Genentech and OSI Pharmaceuticals have announced that U.S. regulators have approved their lung cancer drug Tarceva for the treatment of pancreatic cancer.
The U.S. Food and Drug Administration has given it's approval the for Tarceva to be used in combination with gemcitabine chemotherapy for the treatment of advanced pancreatic cancer in patients who have not received previous chemotherapy.
Tarceva, or erlotinib, produced by Genentech and OSI Pharmaceuticals, was originally designed to treat lung cancer, but according to a late-stage clinical trial, it has demonstrated a significant survival benefit when added to chemotherapy as an initial treatment for pancreatic cancer.
Swiss drug maker Roche which holds a majority stake in Genentech and international marketing rights to Tarceva, has apparently applied to European regulators for the additional pancreatic cancer approval.
In the study it was found that 24 percent of patients receiving Tarceva plus gemcitabine were alive after one year, compared to 19 percent of patients receiving gemcitabine plus placebo.
Dr.
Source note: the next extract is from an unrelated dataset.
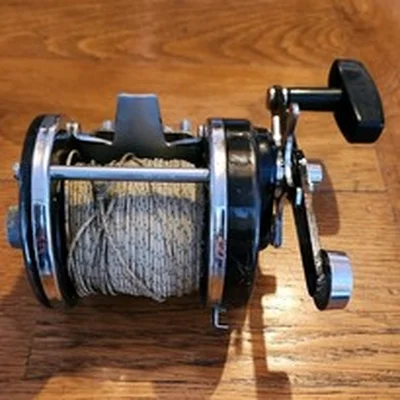 ABU AMBASSADEUR 9000c Reel
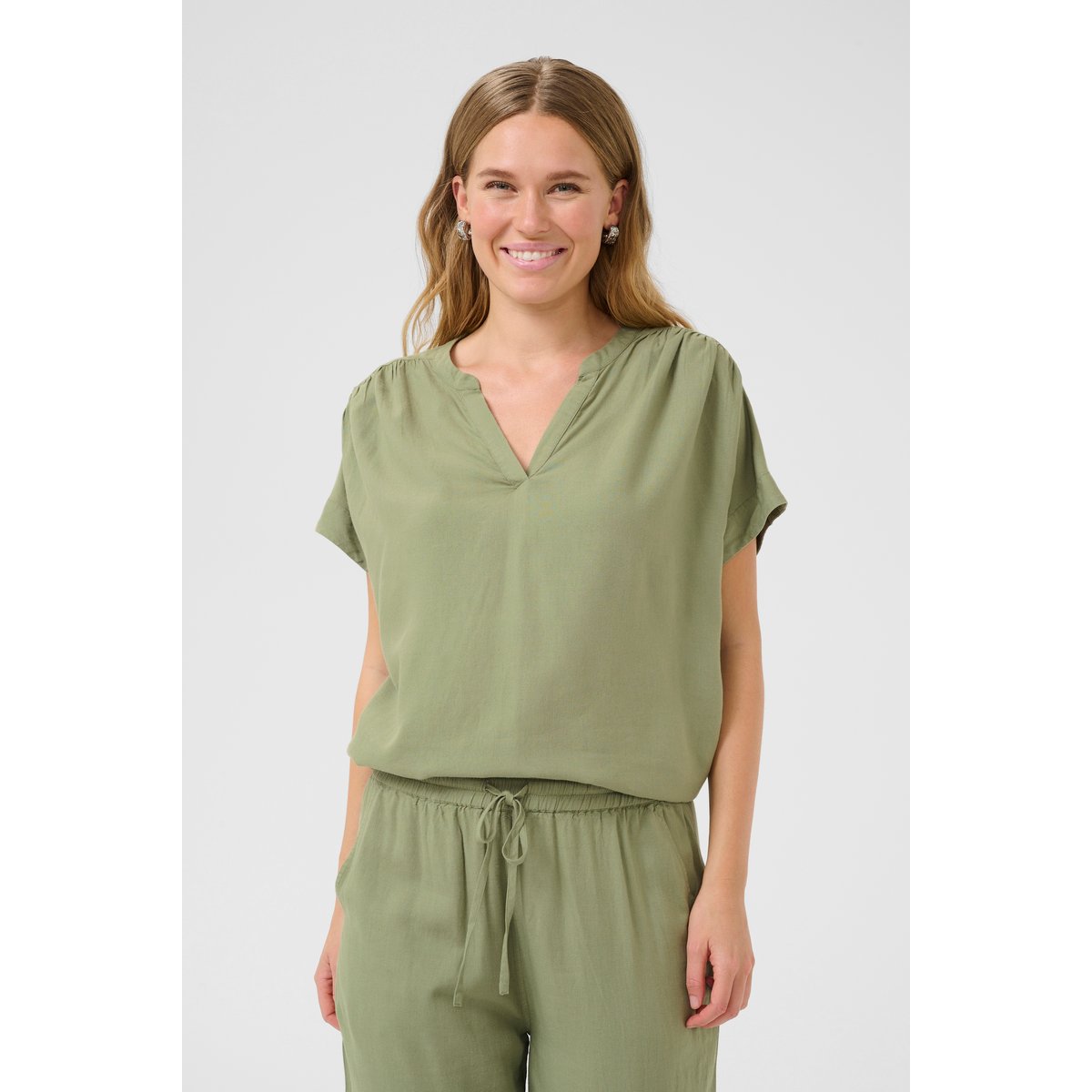 Blouse à manches courtes vert oil green, KAFFE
Malcolm Moore, an oncologist and researcher from Princess Margaret Hospital in Toronto, says improvements in therapy in advanced pancreatic cancer have been very difficult to come by and Erlotinib represents a notable step forward for patients and health care providers in a disease with a very poor prognosis.
According to the Pancreatic Cancer Action Network, a patient advocacy group, pancreatic cancer has the highest one-year mortality rate of any cancer.
The average life expectancy for a patient diagnosed with pancreatic cancer that has spread is three to six months.